Keywords: Bone mineral density, Hip arthroplasty, Osteoporosis, Proximal femoral fracture, Screening
Introduction
The bone mineral density (BMD) of the proximal femur plays an important role in the selection of hip implants (e.g., cement or cementless stem) and initial fixation of implants for hip arthroplasty [1, 2]. A low BMD is reported to be a risk factor for intraoperative periprosthetic fractures [3]. Thus, the maintenance of BMD after surgery is important to prevent stem subsidence and periprosthetic fractures, which drastically decrease the activity level and quality of life of patients [1]. Moreover, adequate diagnosis and subsequent treatment for osteoporosis are essential in patients undergoing hip surgery to maintain good clinical outcomes.
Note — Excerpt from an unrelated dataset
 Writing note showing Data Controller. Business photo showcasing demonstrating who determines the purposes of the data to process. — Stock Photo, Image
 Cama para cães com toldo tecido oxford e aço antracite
Osteoporosis is usually diagnosed based on the measurement of BMD of the lumbar spine and/or proximal femur using dual-energy X-ray absorptiometry (DXA), which is considered as the gold standard [4, 5]. However, because of its cost and limited availability, preoperative DXA assessment cannot always be performed for patients undergoing hip surgery or during their annual follow-up, particularly in large hospitals where DXA examination time slots are limited compared with the number of outpatient patients. Hence, patients with a high risk of osteoporosis need to be effectively selected for further examination using DXA.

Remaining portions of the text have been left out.